- What to do
Print every line of the material below exactly as it stands, but omit the pictures.
Supplied information below:
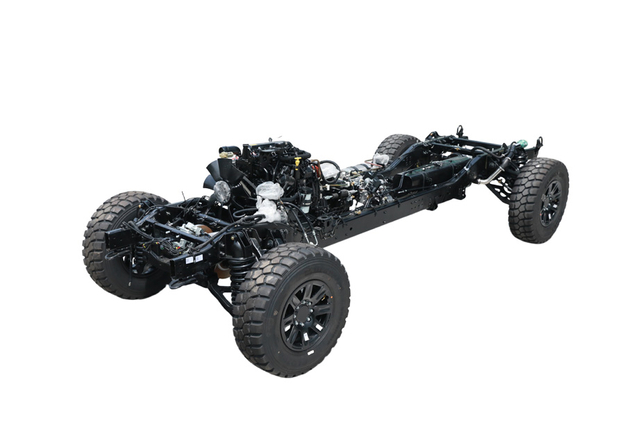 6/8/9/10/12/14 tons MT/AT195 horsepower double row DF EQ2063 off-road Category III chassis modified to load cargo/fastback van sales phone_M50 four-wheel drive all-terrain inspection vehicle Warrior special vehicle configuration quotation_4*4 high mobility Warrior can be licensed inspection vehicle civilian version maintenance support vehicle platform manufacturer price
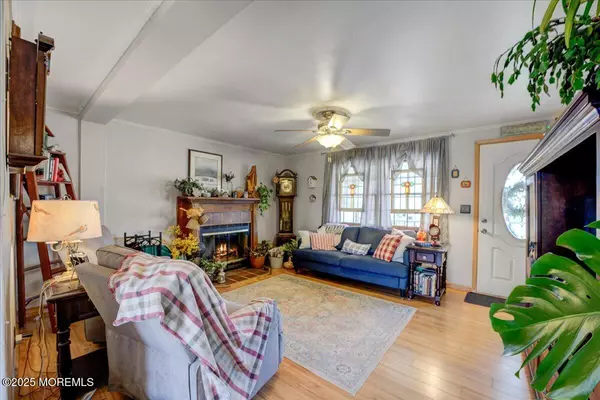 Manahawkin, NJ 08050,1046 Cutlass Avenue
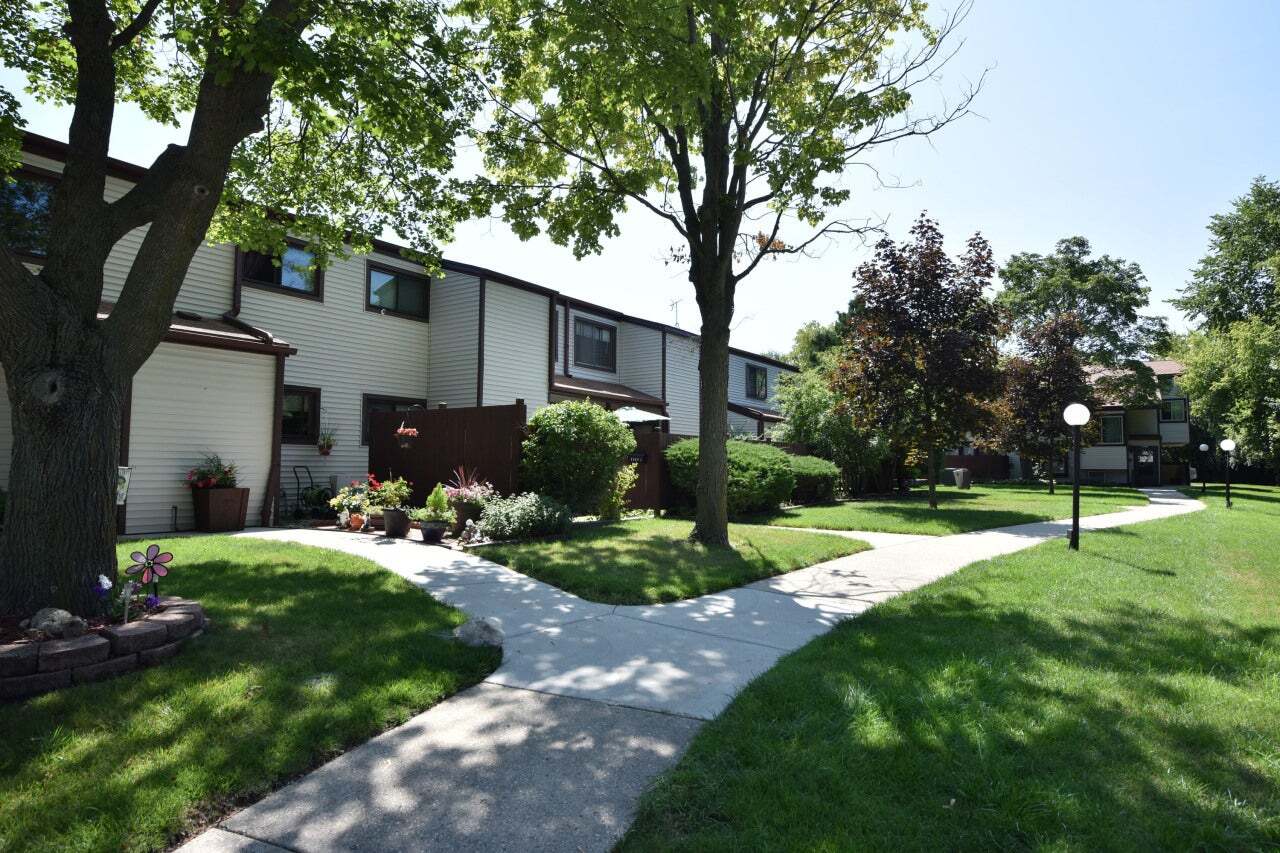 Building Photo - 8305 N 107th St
End of Supplied information.
- Answer to this problem
 6/8/9/10/12/14 tons MT/AT195 horsepower double row DF EQ2063 off-road Category III chassis modified to load cargo/fastback van sales phone_M50 four-wheel drive all-terrain inspection vehicle Warrior special vehicle configuration quotation_4*4 high mobility Warrior can be licensed inspection vehicle civilian version maintenance support vehicle platform manufacturer price
 Manahawkin, NJ 08050,1046 Cutlass Avenue
 Building Photo - 8305 N 107th St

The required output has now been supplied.